• **What to do**:
Copy nothing before the line that contains "2013 Jaguar X150 XKR - Image 27 of 31"; from there, transcribe each line exactly through the end of the material, omitting pictures.

- Opening Delimiter -

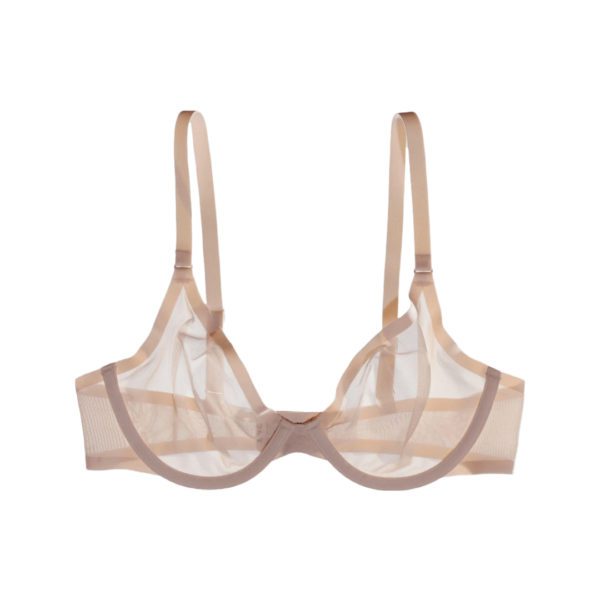 CUUP Plunge Bra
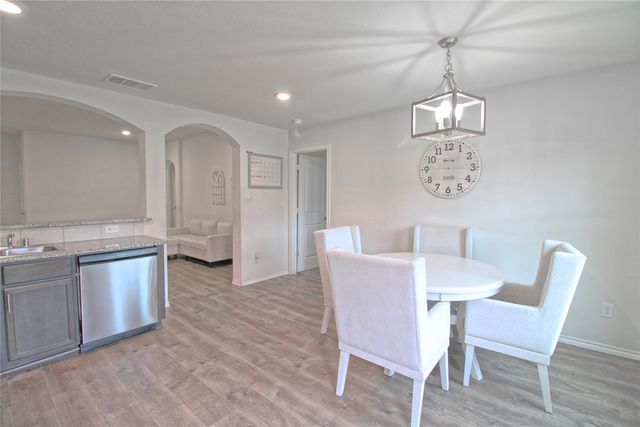 2428 Rosharon Drive, Forney, TX 75126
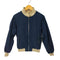 AUTHENTIC IMPORTS 80s リバーシブルハリントンジャケット スウイングトップ メンズ UK:40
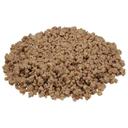 Advance Pierre Beef Crumble with Soy, 5 Pound -- 8 per case.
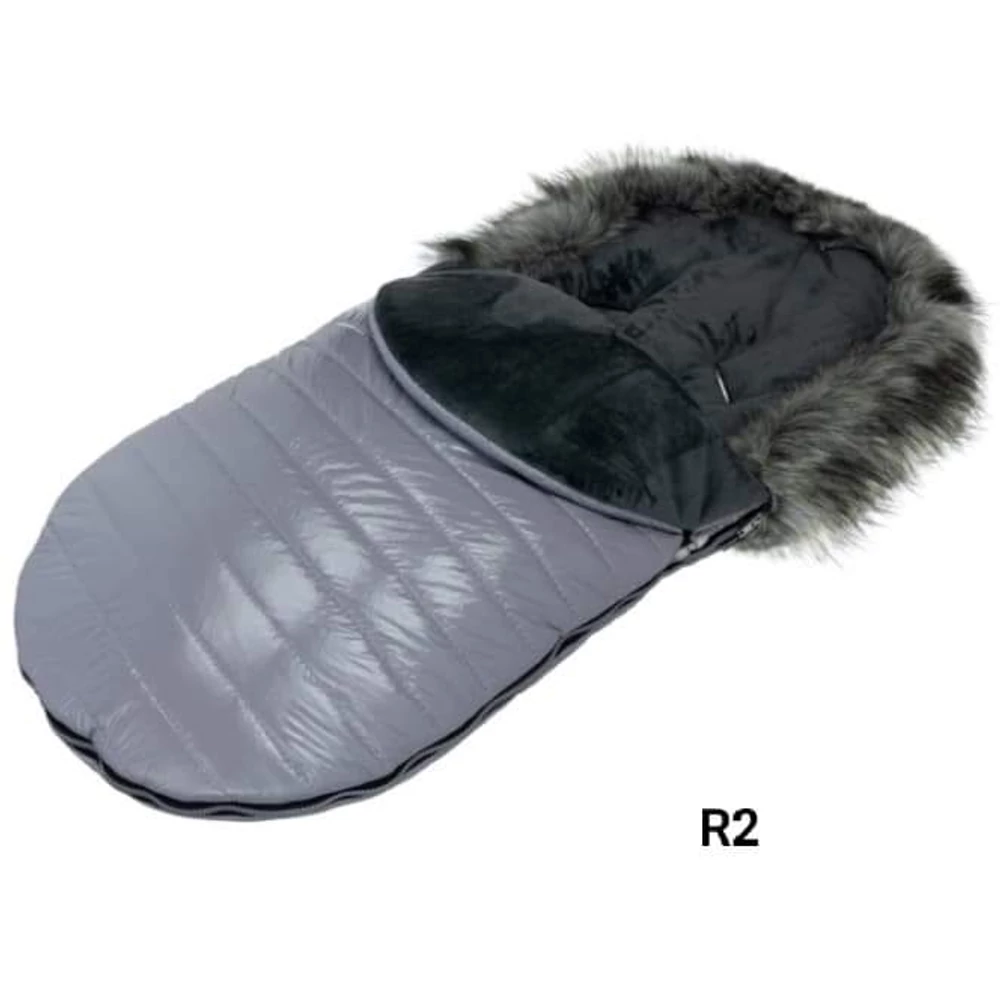 Berry Baby Fluffy bundazsák babakocsiba: R2 5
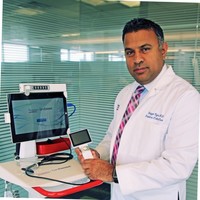 Shayan Vyas, MD, MBA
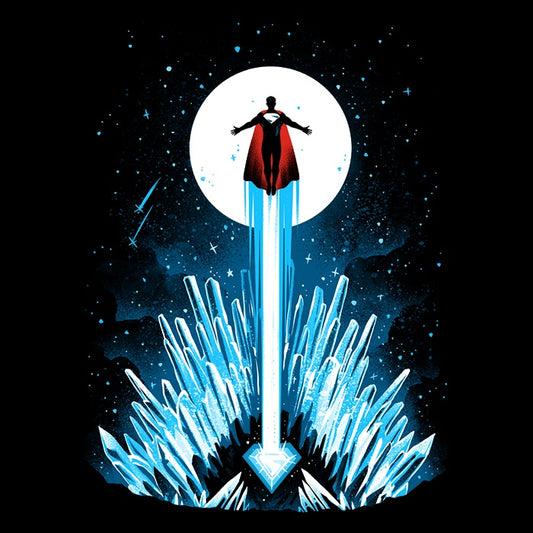 Solitude - Accessory Pouch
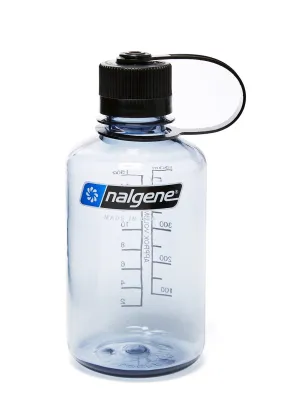 Nalgene Tritan Narrow Mouth 500ml - Grey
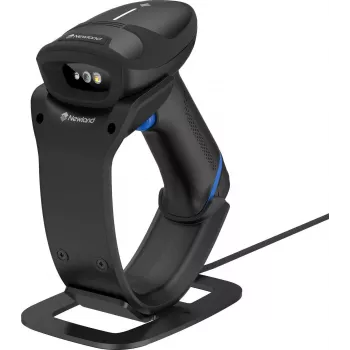 Newland HR33 Marlin 2D CMOS Megapixel Wireless Bluetooth Barcode Scanner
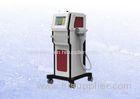 Stationary Q Switch Nd Yag Laser For Tattoo Removal Skin Care Machine 2500mj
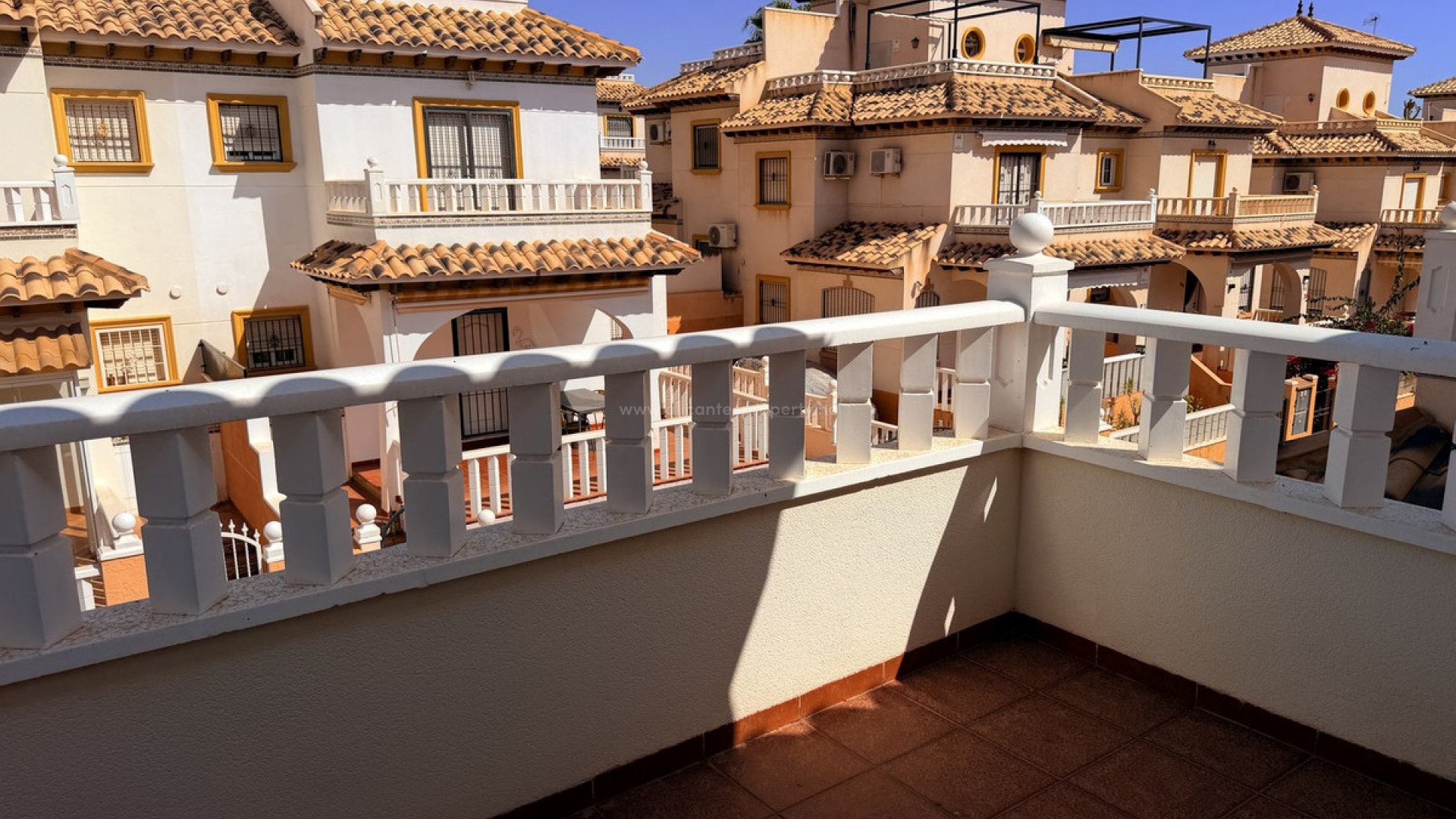 Villa in Cabo Roig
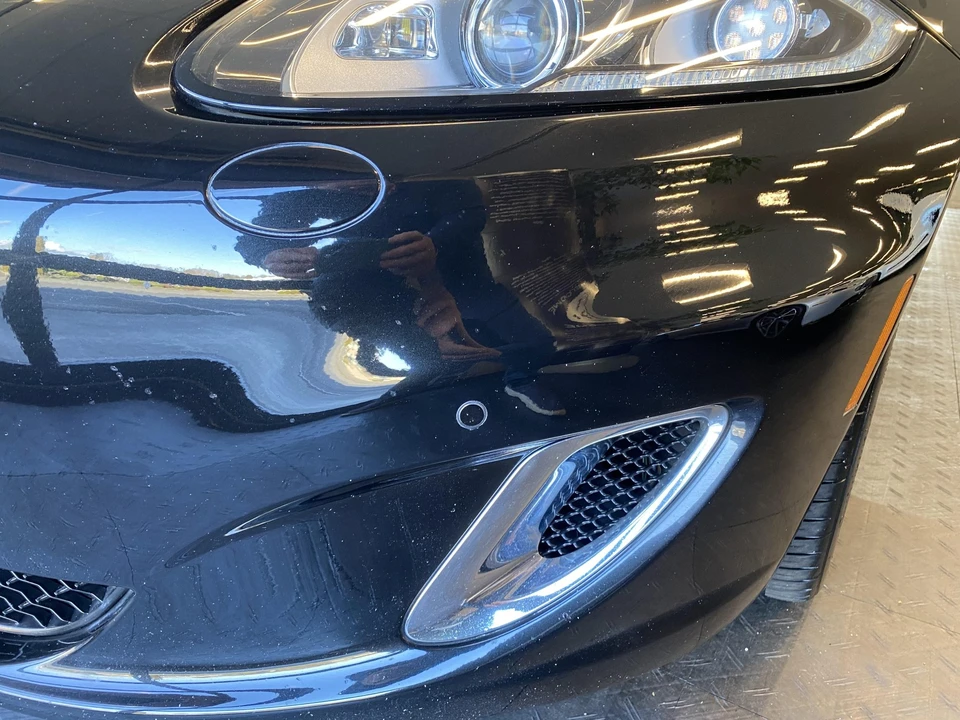 2013 Jaguar X150 XKR - Image 27 of 31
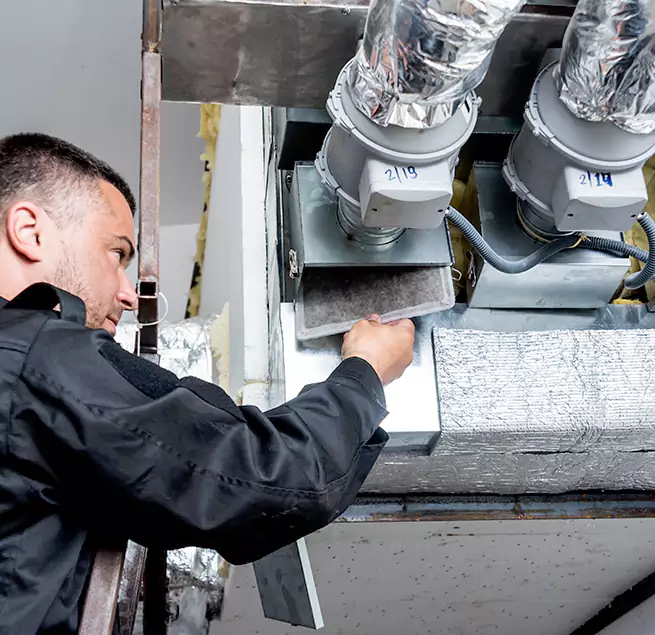  Why Homeowners & Businesses Trust Us in Youngstown, OH?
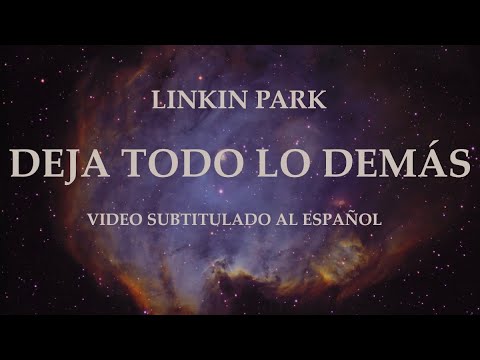 Leave Out All The Rest [Subtitulada en español e inglés]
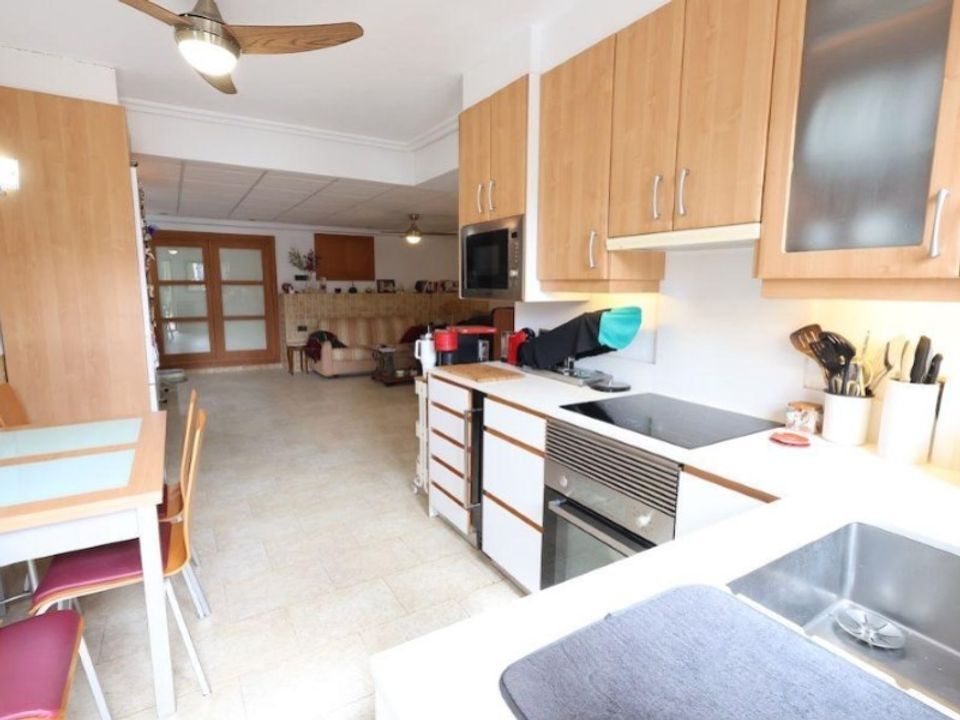 Rækkehus i Cabo Roig, Alicante - foto 4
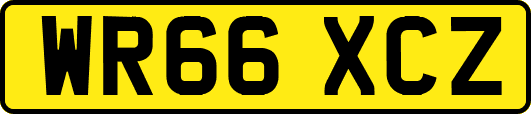 WR66XCZ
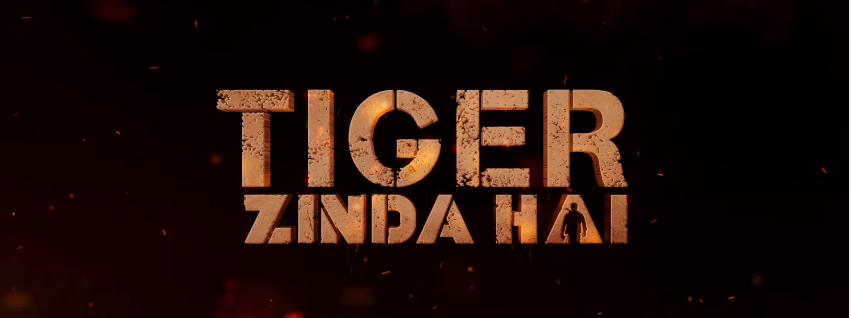 Tiger Zinda hai movie trailer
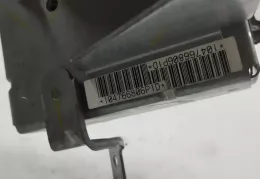 104766806 подушка безпеки пасажира Toyota Corolla Verso AR10 2006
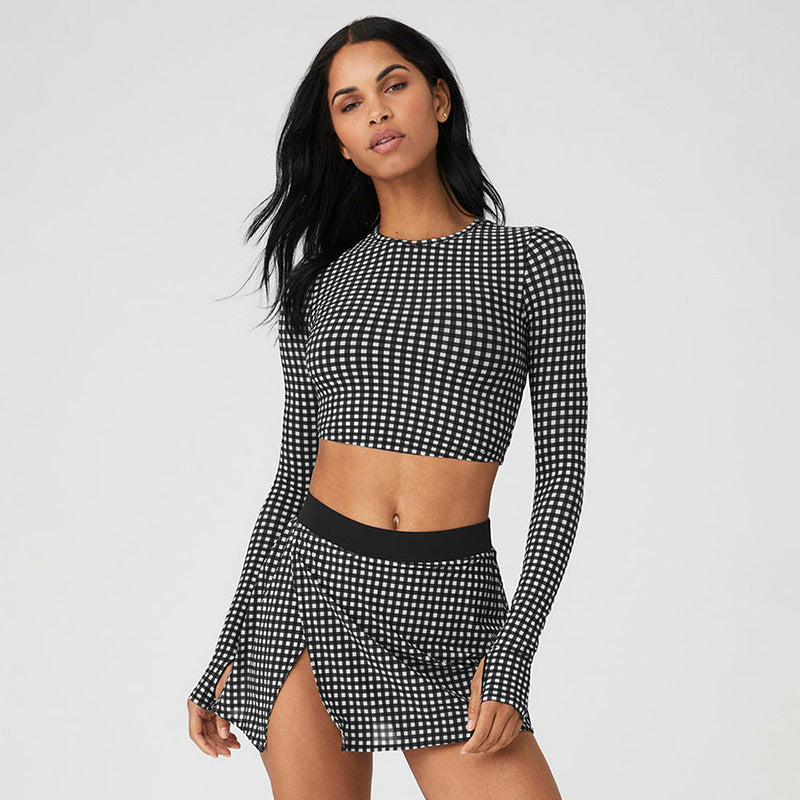 Effortlessly Elegant Top with a Timeless Design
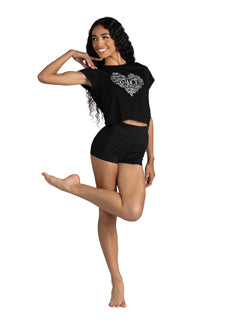 Expressions Tee (24319A)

- Closing Delimiter -

• **Finished exercise**:
 2013 Jaguar X150 XKR - Image 27 of 31
  Why Homeowners & Businesses Trust Us in Youngstown, OH?
 Leave Out All The Rest [Subtitulada en español e inglés]
 Rækkehus i Cabo Roig, Alicante - foto 4
 WR66XCZ
 Tiger Zinda hai movie trailer
 104766806 подушка безпеки пасажира Toyota Corolla Verso AR10 2006
 Effortlessly Elegant Top with a Timeless Design
 Expressions Tee (24319A)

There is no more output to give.